[Dataset content — start]
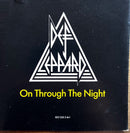 Def Leppard CD On Through The Night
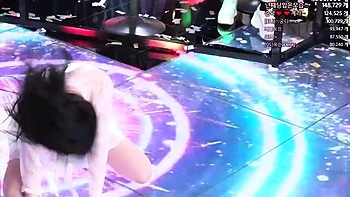 Asian amateur fucked inside public store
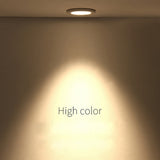 WiFi Smart LED Down light RGB CCT AC110-265V Ceiling Downlights 5W 7W 9W APP Remote Changing Color Home Lighting Decoration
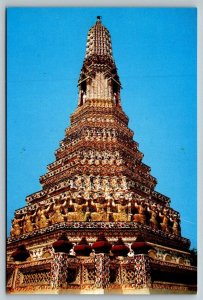 Bangkok Thailand Pagoda of Wat Arun Temple of Dawn  Postcard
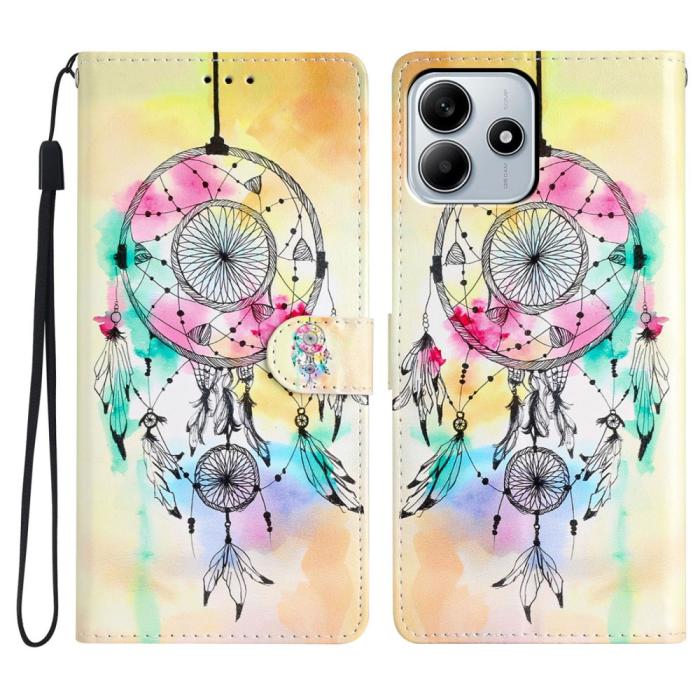 Bild 1, Xiaomi Redmi Note 14 5G Fodral Med Tryck Dream Catcher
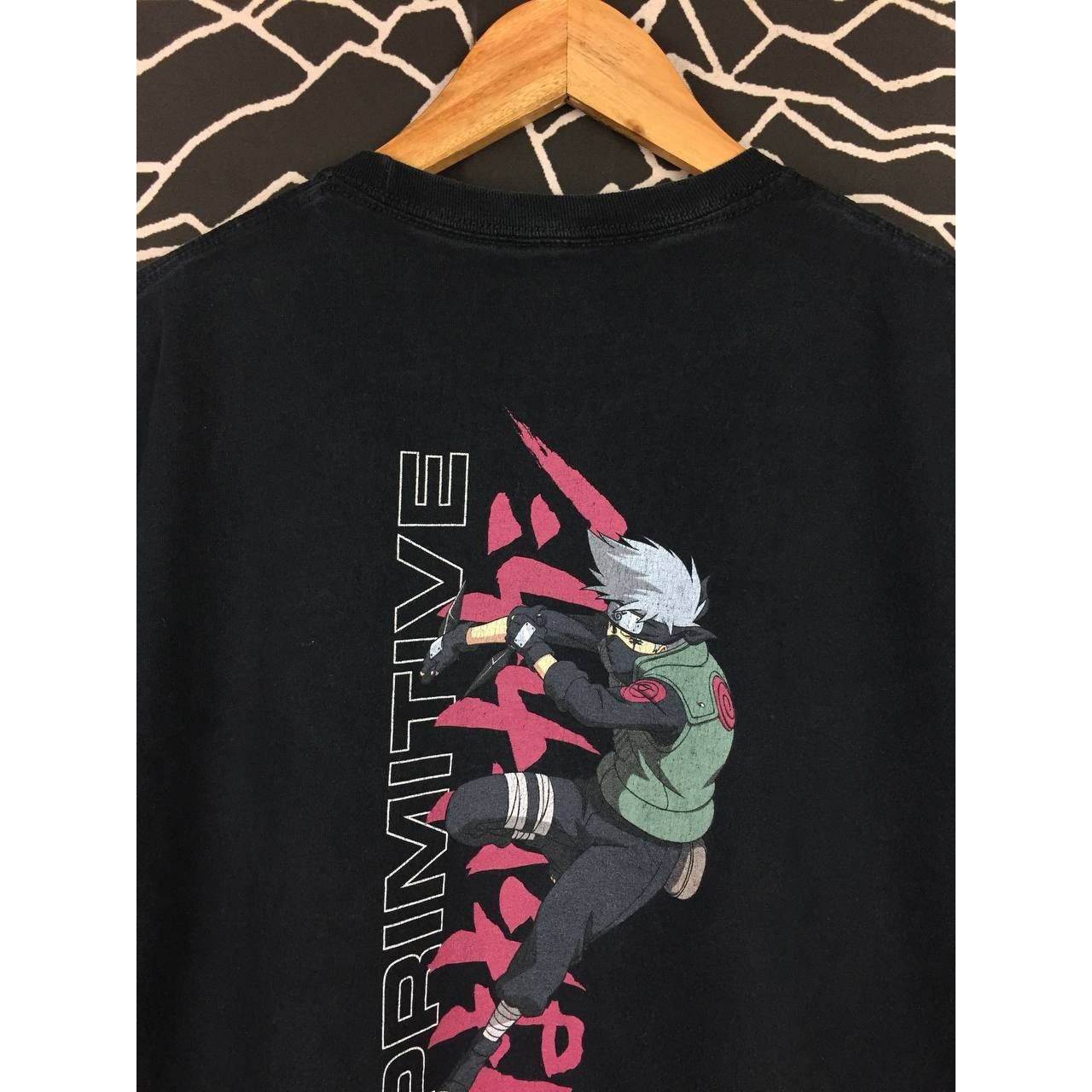 Anime × Primitive Primitive Skateboarding X Naruto Shippuden Kakashi Tee Size US L / EU 52-54 / 3 - 3 Thumbnail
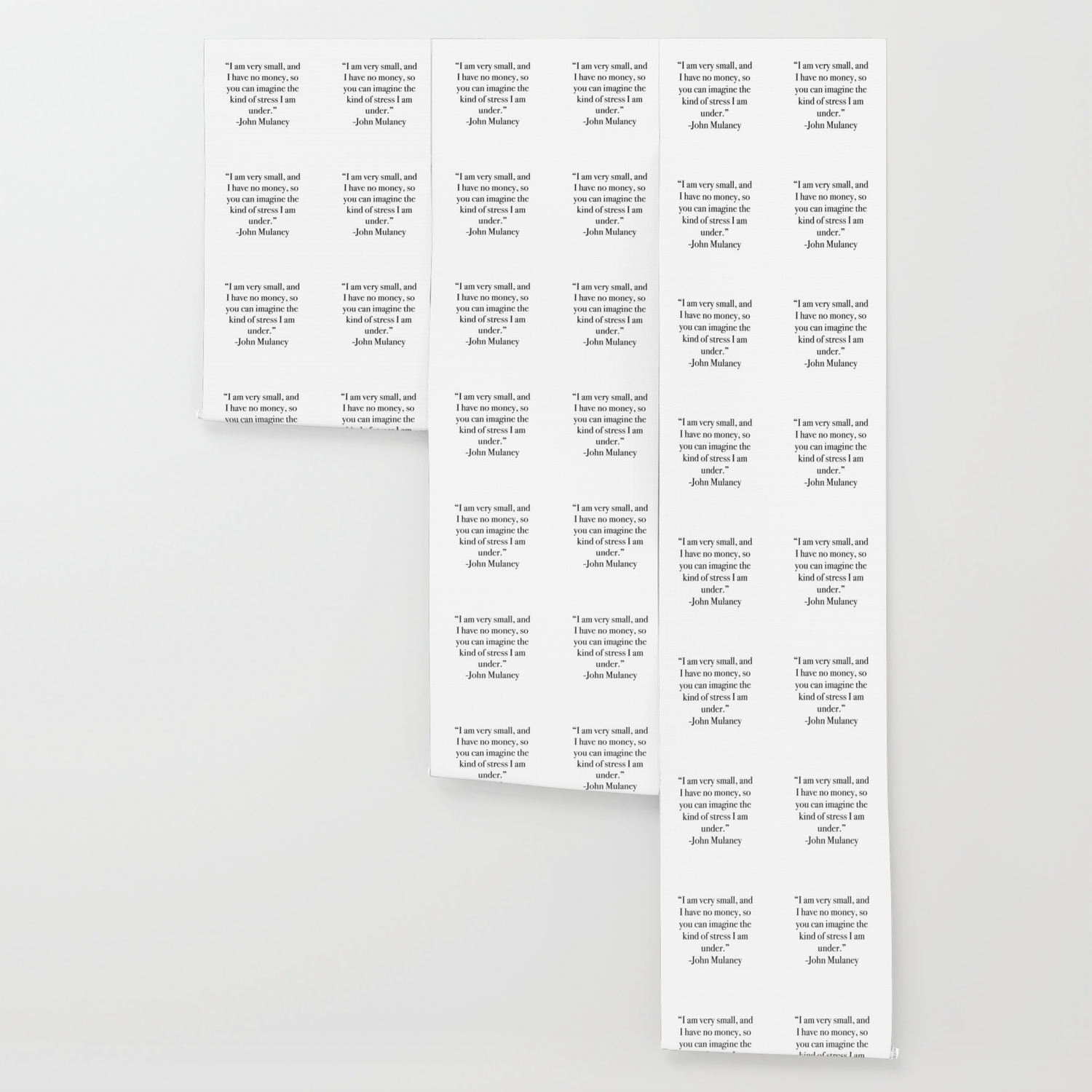 John Mulaney I Am Very Small And I Have No Money Wallpaper By Prettypolishedprints Society6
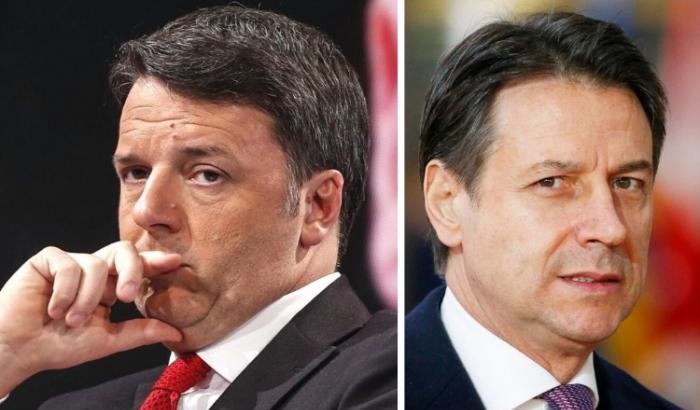 Conte tra i grillini e Renzi: l'ex premier sta preparando uno sgambetto?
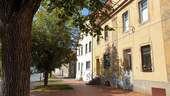 Altes Gutshausgebäude Straßenansicht - 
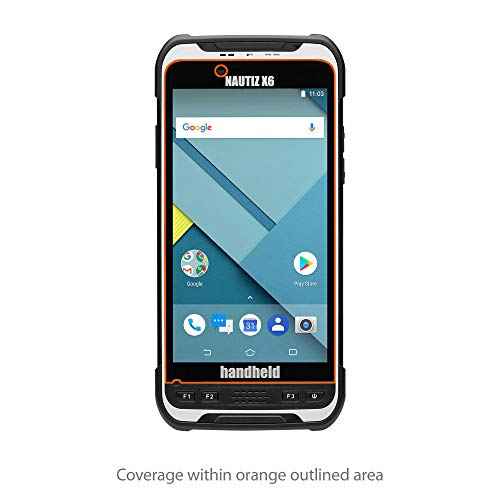BoxWave Screen Protector Compatible with Handheld Nautiz X6 - ClearTouch Anti-Glare (2-Pack), Anti-Fingerprint Matte Film Skin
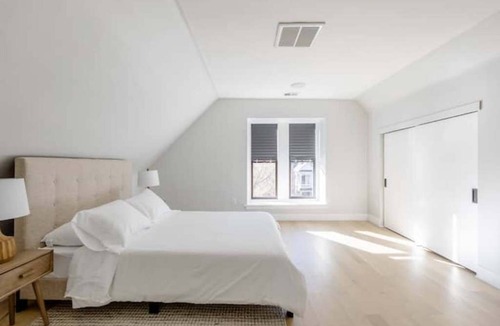 Baker Apartment | Remodeled Historic Victorian with Stunning Views!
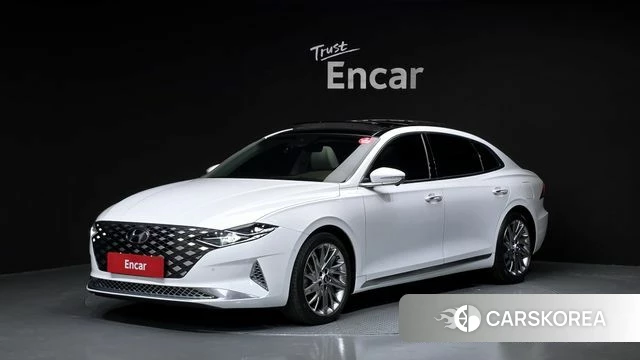 Hyundai The New Grandeur IG 2022 Белый из Кореи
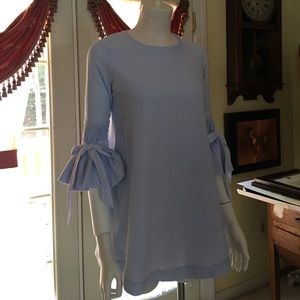 ZARA long sleeve trafaluc collection dress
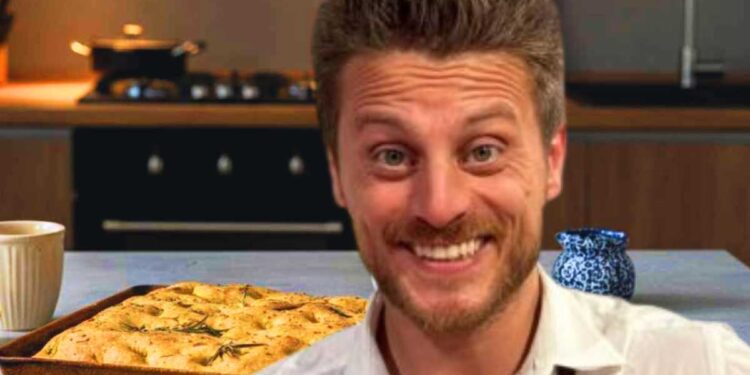 ricetta della focaccia di fulvio marino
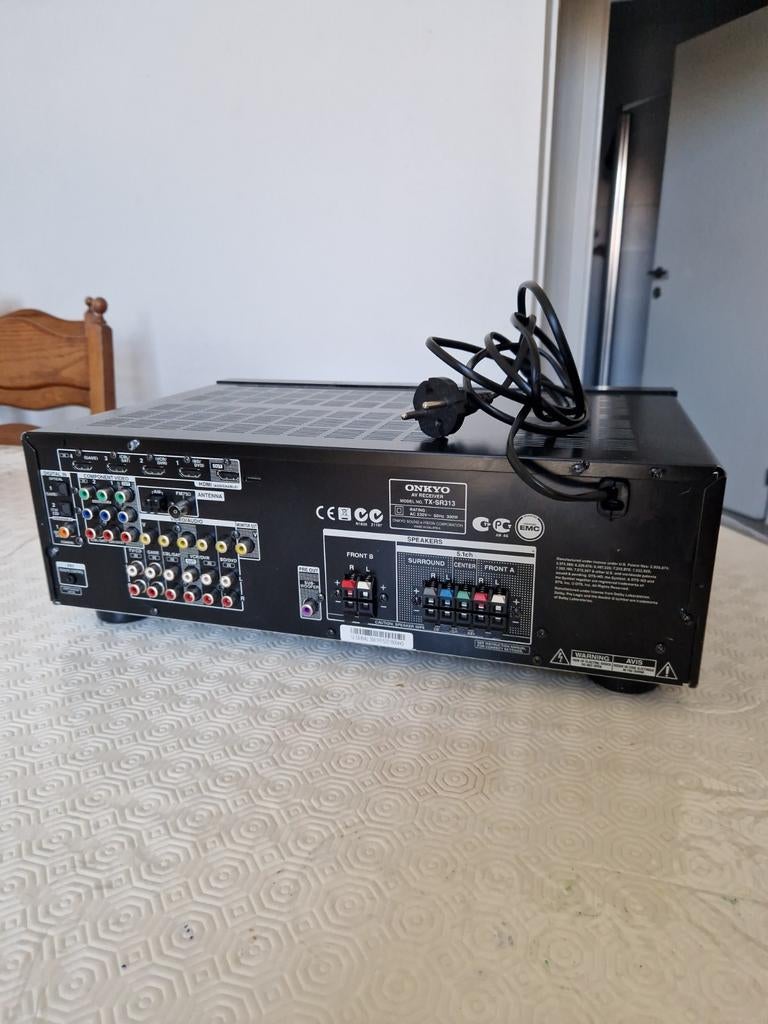 Amplificateur ONKYO TX-SR313, Enlèvement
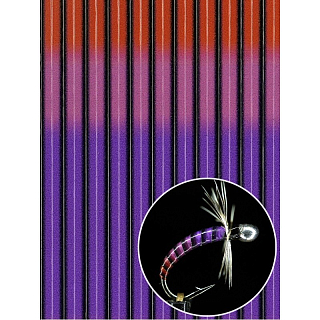 Сибирский Лов Пленка для тела Зебра Трехцветная 2,0 мм (цвет 11)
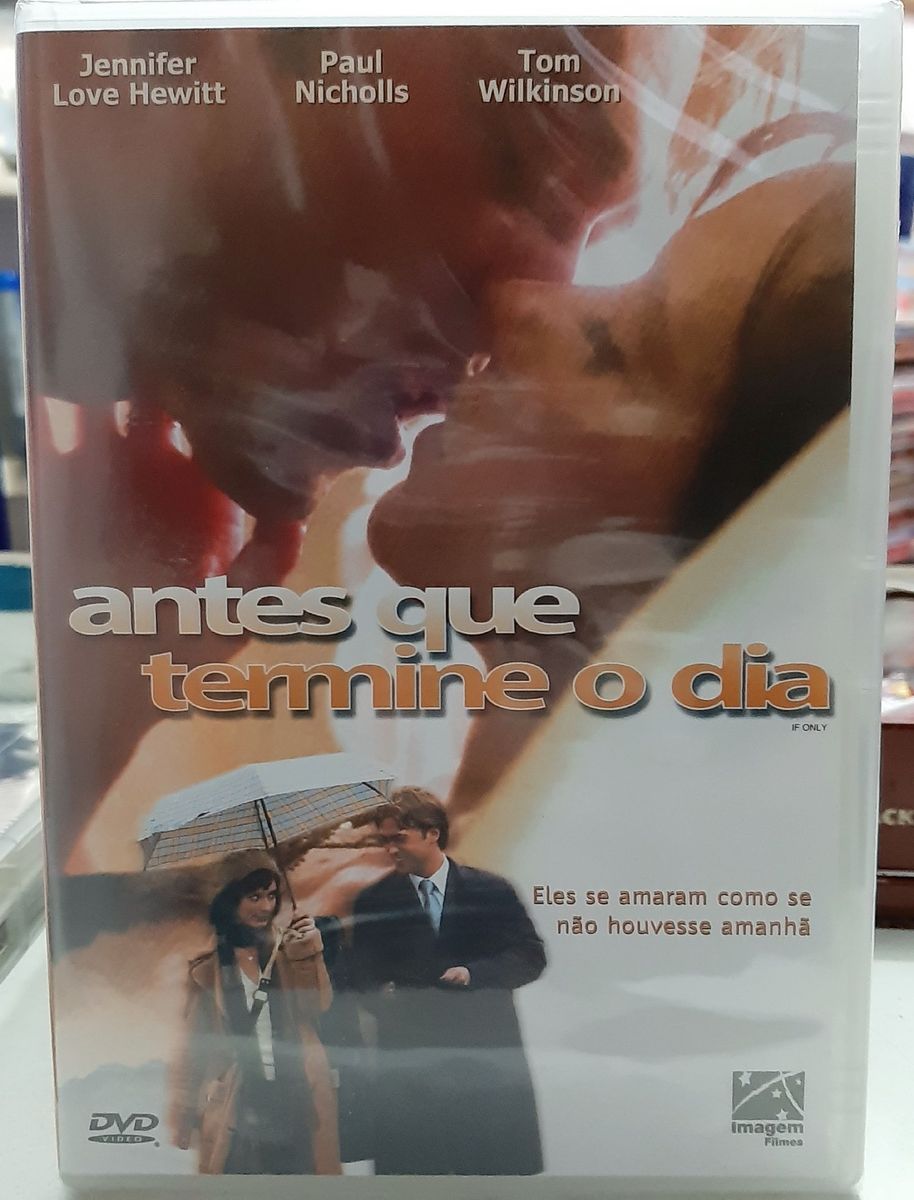 Dvd Original Antes Que Termine O Dia | Filme e Série Imagem Filmes ...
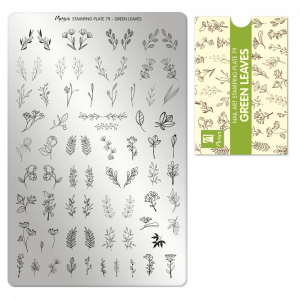 Matrita pentru stampila nr 79 - Green Leaves
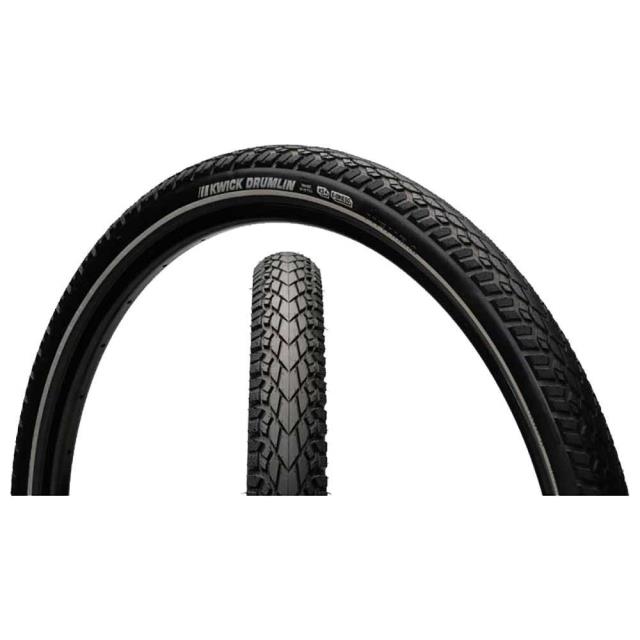 Kenda ケンダ リジッドグラベルタイヤ Kwick Drumlin K1216 Tubeless 700C X 50 ユニセックス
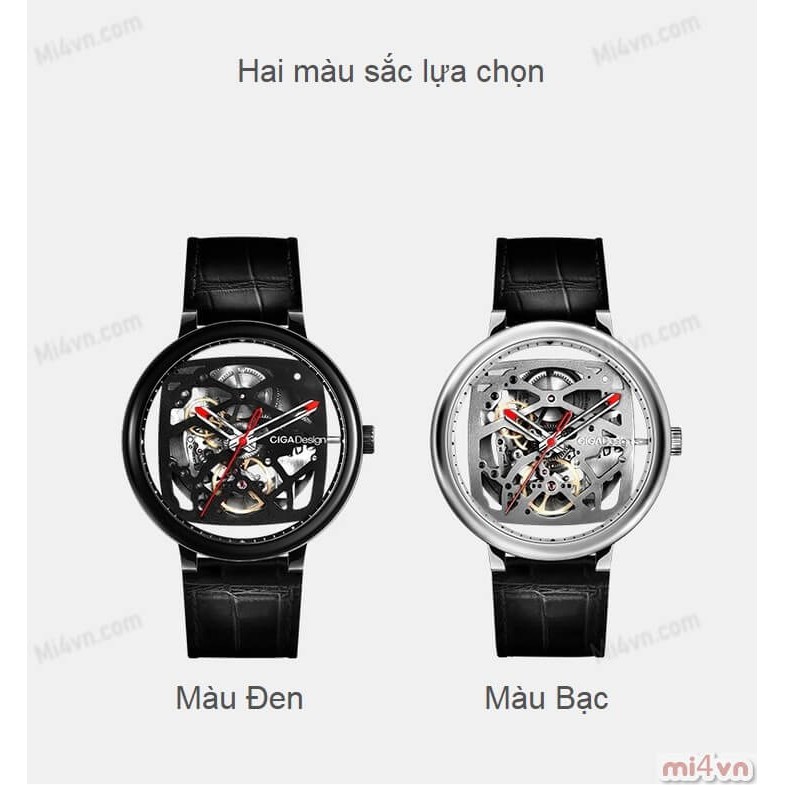 Đồng hồ Cơ Nam Xiaomi CIGA Design O Series - Fan Yuan - Bản Quốc Tế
[Dataset content — finish]
# [Exercise brief]
Your copy must hold exactly the lines from the one with "ricetta della focaccia di fulvio marino" to the end of the records above, both included, and no pictures.

# [Answer box]
 ricetta della focaccia di fulvio marino
 Amplificateur ONKYO TX-SR313, Enlèvement
 Сибирский Лов Пленка для тела Зебра Трехцветная 2,0 мм (цвет 11)
 Dvd Original Antes Que Termine O Dia | Filme e Série Imagem Filmes ...
 Matrita pentru stampila nr 79 - Green Leaves
 Kenda ケンダ リジッドグラベルタイヤ Kwick Drumlin K1216 Tubeless 700C X 50 ユニセックス
 Đồng hồ Cơ Nam Xiaomi CIGA Design O Series - Fan Yuan - Bản Quốc Tế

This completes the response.